An Ignorant Witch Read online

Page 2


  Finally, I won out and wrenched it off me through pure force of will, flinging it to the floor where it lay senseless and limp once again with a few strands of my hair in its fist like a trophy. I looked back up at the chair and in my fear and outrage forgot to put on my Alt blinders.

  The malevolent old bat in the chair cackled with glee when she saw the scratches on my face. A wind was starting to whip around the room, taking papers and dust and the petals of silk flowers up in its maelstrom, even the heavy drapes were stirring. I could feel myself being pushed backwards.

  “Who are you?” I was yelling at her, or it. “Go away, leave Alice in peace!”

  Like that was going to work, ever. The thing just kept cackling and rocking away while she sent me a stream of psychic spite so powerful it felt like acid being thrown at me. My hair was whipping in front of my face, blinding me.
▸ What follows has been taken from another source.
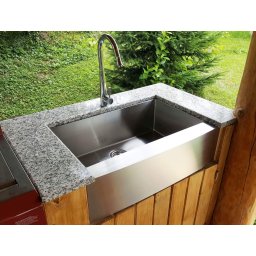 Chiuveta bucatarie inox cu front vizibil CookingAid FARMHOUSE Apron Large Workstation cu scurgator vase paste fructe, gratar rulabil inox, dozator sapun, tocator Sapele si accesorii montaj Farmhouse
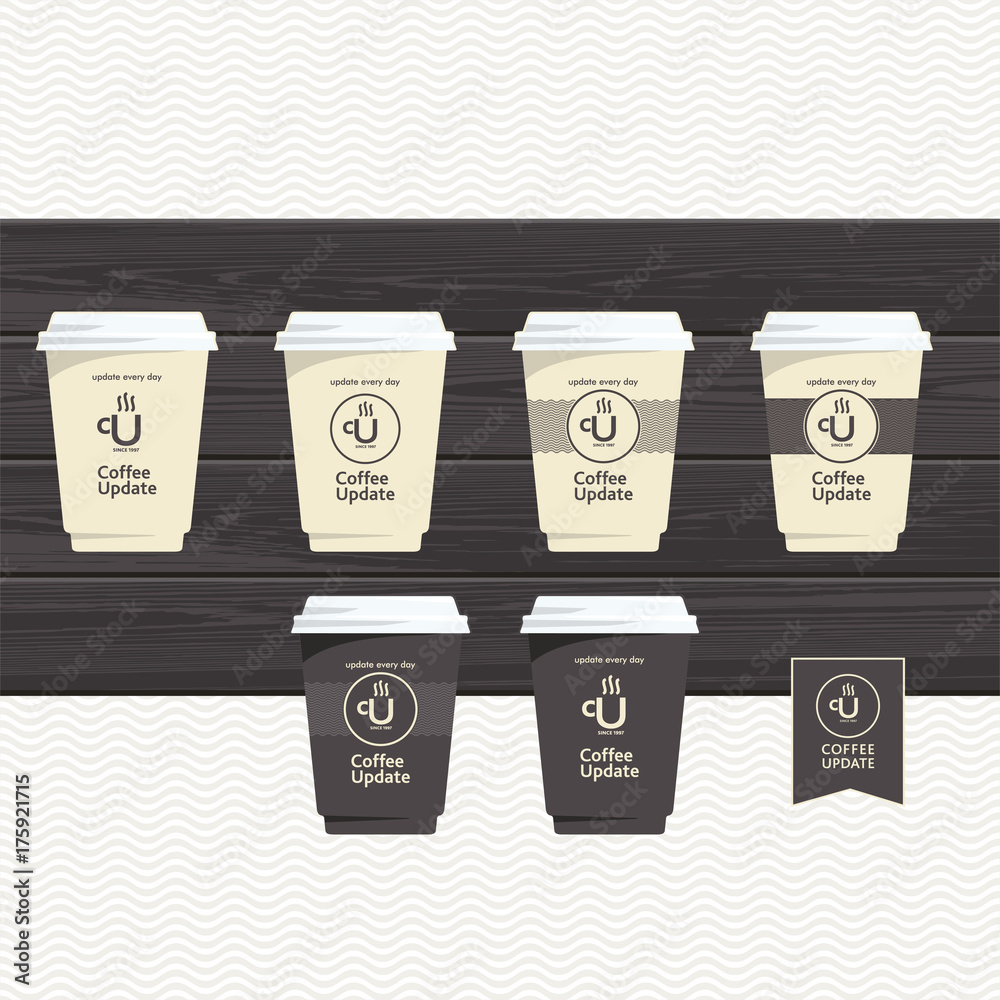 Кубок кофе, кофе обновления, корпоративный стиль, одноразовый стаканчик ...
  I tried something I’d seen in the old movies me and Edna used to watch sometimes. With one hand clutching my hair to keep it out of my face, I stepped forward and let her have it as I held up my other hand.

  “In the name of God and all that is holy, leave this place!”

  Did I mention that Edna was an atheist and refused to let me go to church as a kid? She wouldn’t even sign me up for Brownies and Guides, she hated organized religion so much. So God could be forgiven for not being on my side that day.

  “You! You get out of my house!” The cackling had stopped now and the entity was no longer gleeful. A terrible rage overtook her ancient wrinkled face but the roar could have come from the depths of hell itself, and the wind rose to hurricane speed as the lamps and end tables went flying and careening around the room. I ducked as the cable box detached from the wall and flew past my head.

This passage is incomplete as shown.